The resolution, passed by a 236-209 margin with one abstention, “will strengthen the prime minister in further negotiations,” Sebastian Kaleta, a member of one of the smaller parties in the ruling coalition, wrote on Twitter.

Government spokesman Piotr Muller thanked lawmakers for their support. “We are convinced that a compromise will be reached in the negotiation process that will enable the Polish government to accept a solution,” he told Reuters.

EU leaders were on Thursday due to discuss the Polish and Hungarian veto on the 1.8 trillion euro plan meant to help member states recover from the recession caused by the COVID-19 pandemic. But EU officials do not expect the matter to be resolved this week.

Muller said an acceptable proposal for Poland had not yet been presented and was unlikely to be agreed during the EU leaders’ talks.

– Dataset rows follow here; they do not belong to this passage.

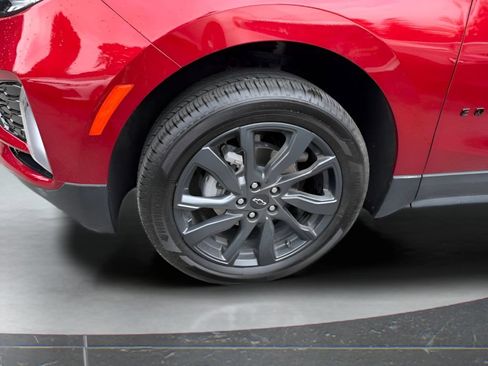 Used 2024 Chevrolet Equinox RS AWD/4WD image 11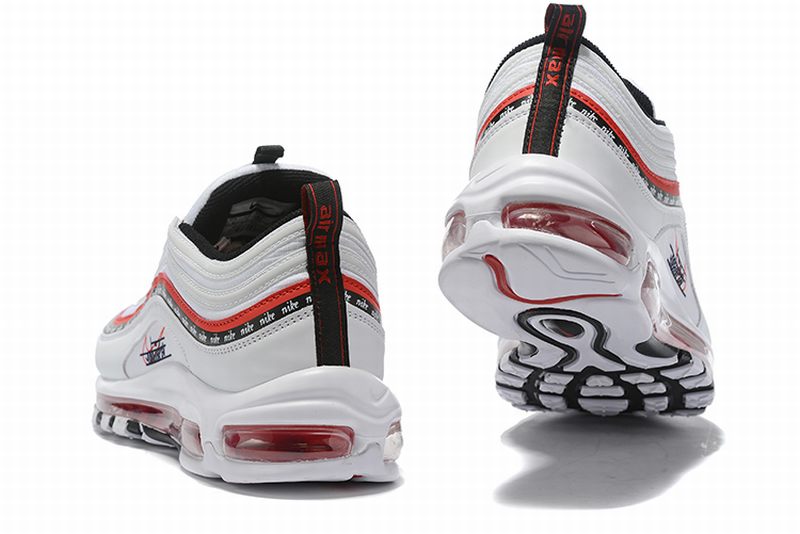 Premièrement, les baskets Nike Air Max 97 Femme incarnent un design emblématique et audacieux.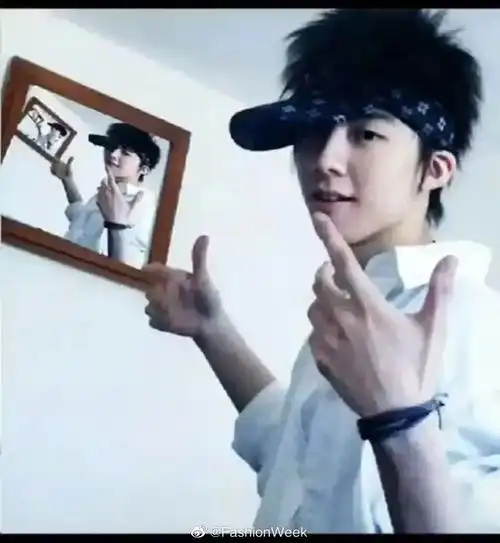 非主流时期的刘宇宁好可爱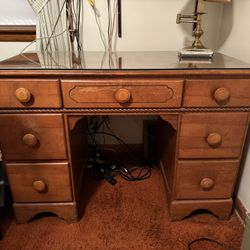 Desk - Vintage 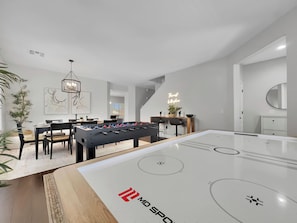 Spielezimmer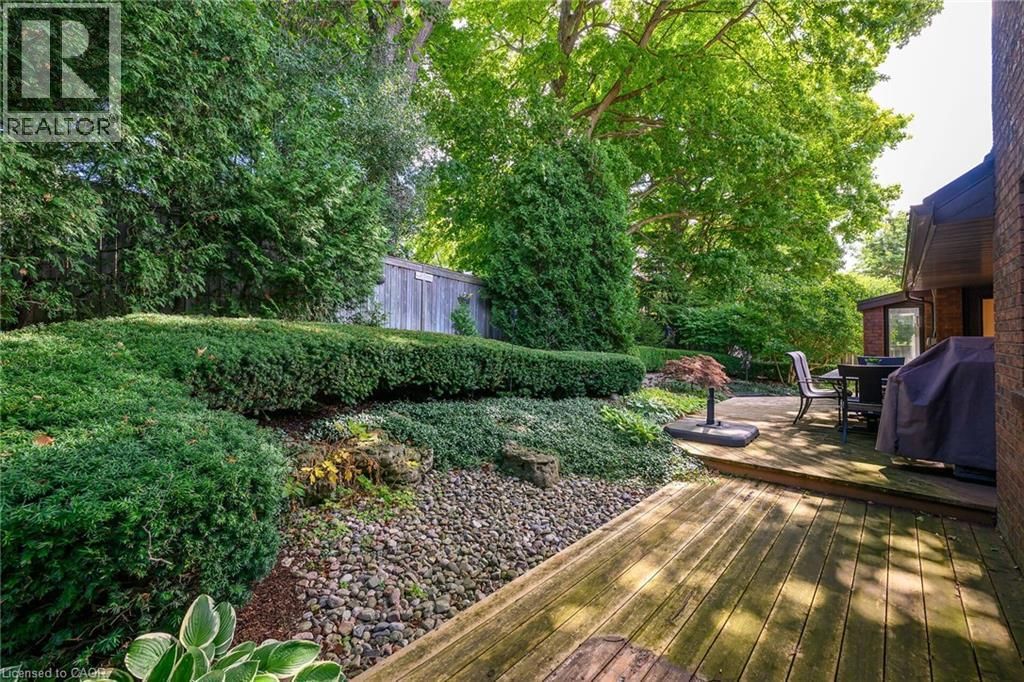 33 WALNUT DRIVE Image 40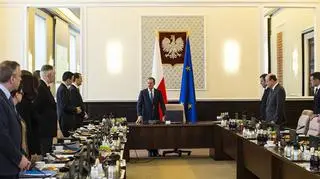 Rząd premiera został oceniony przez ponad połowę badanych
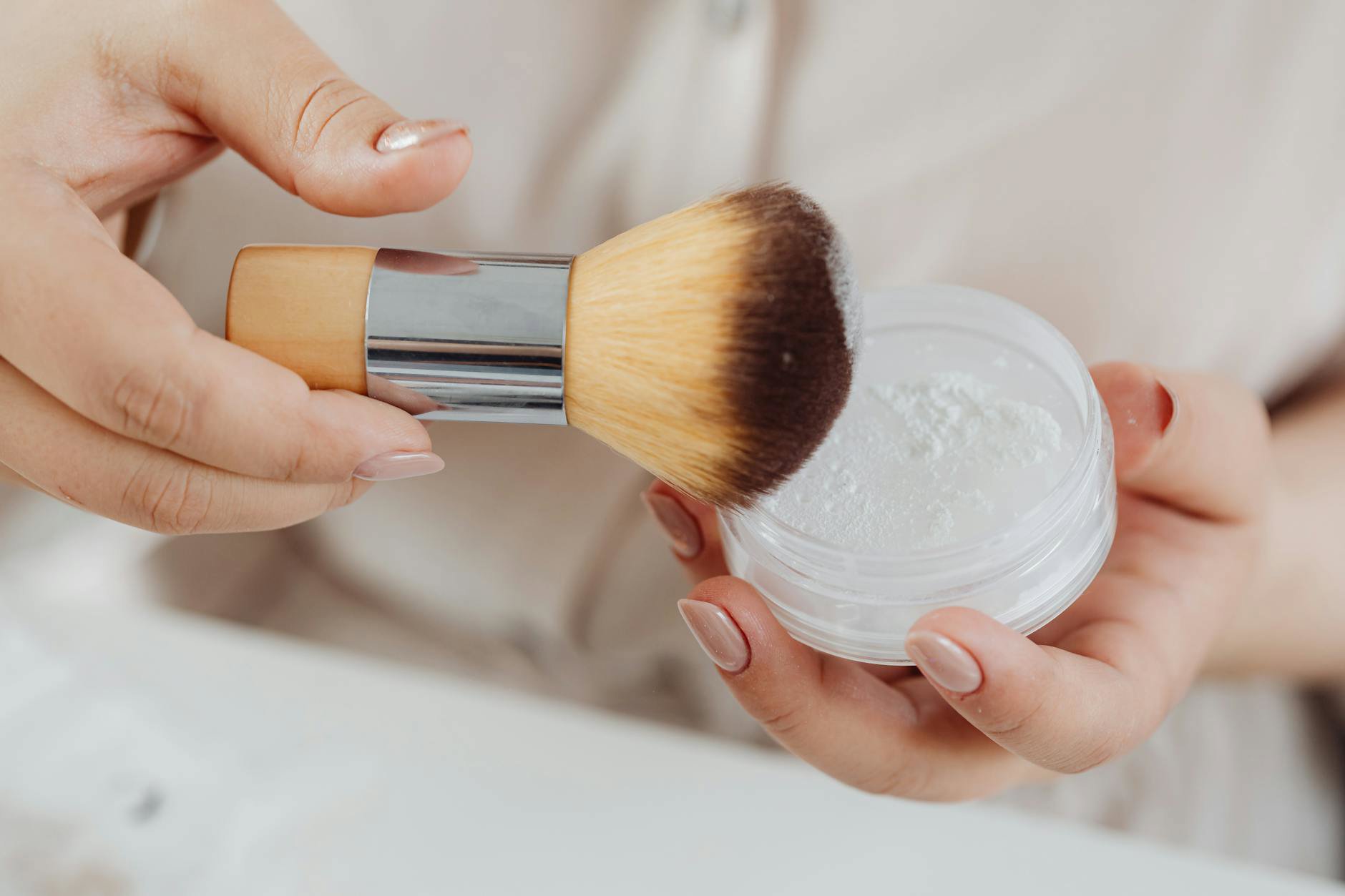 setting powder on t-zone makeup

Prime Minister Mateusz Morawiecki, in an address to parliament on Wednesday, railed against what he said was the unequal treatment of some EU member states.

The draft of the resolution states that the lower house “appreciates the fact that Polish representatives have blocked further work on the package of budget solutions”.

It also calls on EU states to return to talks aimed at reaching a compromise in line with EU treaties and the conclusions of a European Council meeting in July.